Selain itu, Ustadz Abu Fayadh Muhammad Faisal Al Jawy Al
Bantani, S.Pd, M.Pd, Gr juga turut hadir dalam sidang ini sebagai bentuk
solidaritas terhadap masyarakat Banten. Ia menegaskan bahwa wilayah Banten
adalah bagian dari Indonesia dan tidak boleh dikuasai oleh kepentingan
oligarki.
"Banten adalah tanah para pejuang, warisan Sultan Ageng
Tirtayasa dan Sultan Maulana Hasanuddin. Tidak boleh ada negara dalam negara di
sini. Banten bukan tanah untuk naga, tapi tanah untuk Garuda!" tegasnya.

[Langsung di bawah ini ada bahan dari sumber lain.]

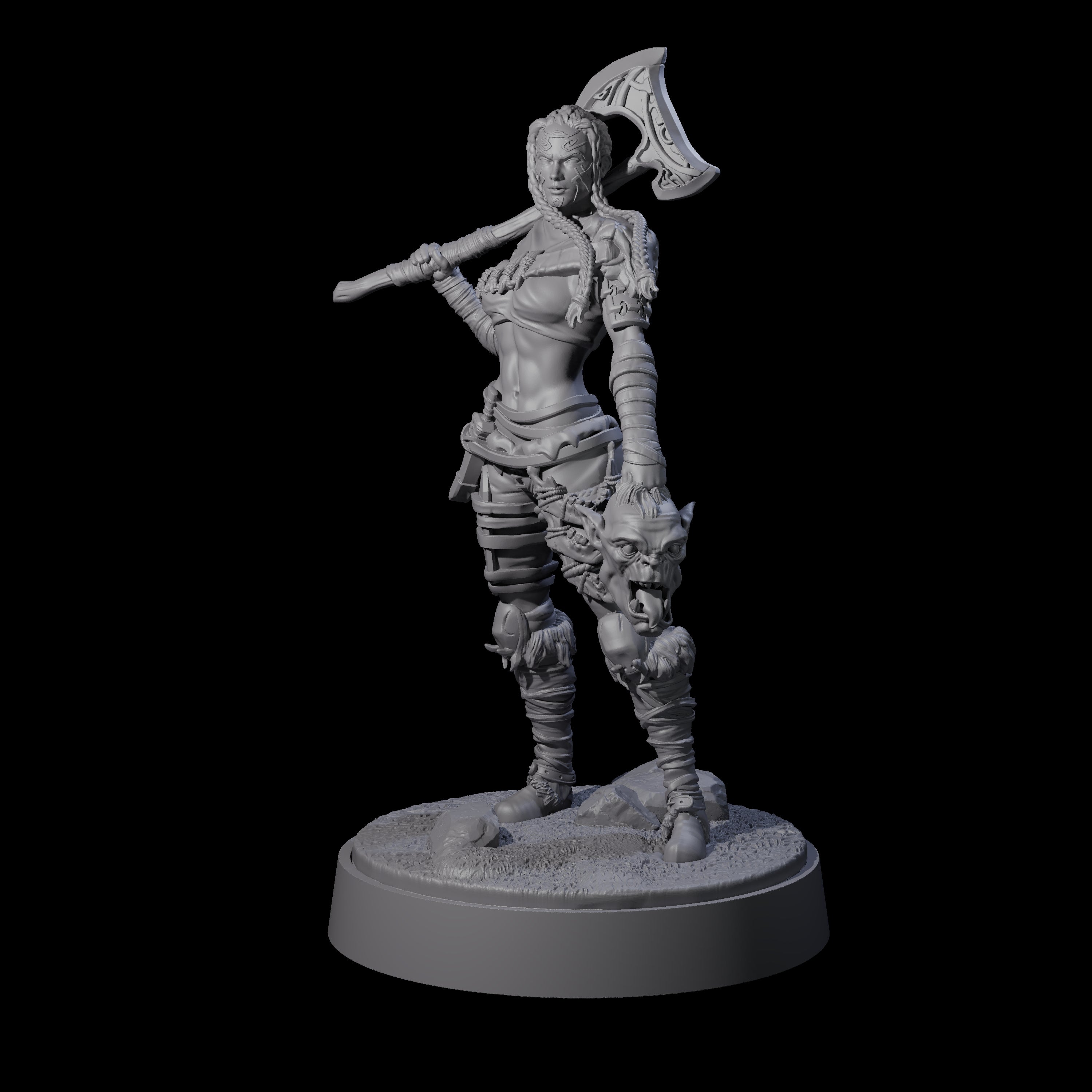 Brynna - Orc Hunter Miniature for Dungeons and Dragons, Pathfinder or other TTRPGs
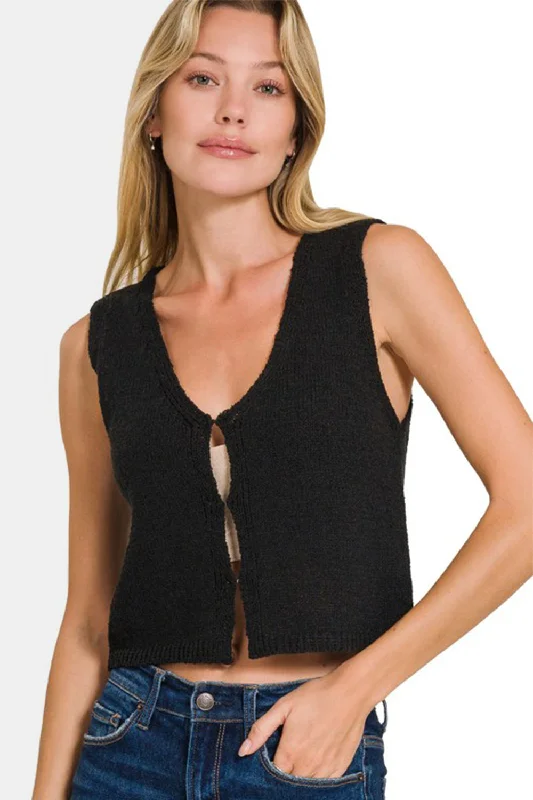 Zenana Hook and Eye Closure V-Neck Sweater Vest Modern Women's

Masyarakat Akan Terus Mengawal Kasus Ini Masyarakat Banten
menegaskan bahwa mereka akan terus melawan segala bentuk penjajahan oleh
oligarki dan tidak akan tunduk pada tekanan pihak-pihak yang ingin menguasai
wilayah mereka.
"Kami tidak akan berhenti sampai keadilan benar-benar
ditegakkan. Jika hukum masih berpihak pada pemilik modal, maka rakyat sendiri
yang akan bergerak".
*Wahai rakyat, teruslah BERSUARA!*. Bersatu dan berjuang untuk menyelamatkan negeri ini. (*)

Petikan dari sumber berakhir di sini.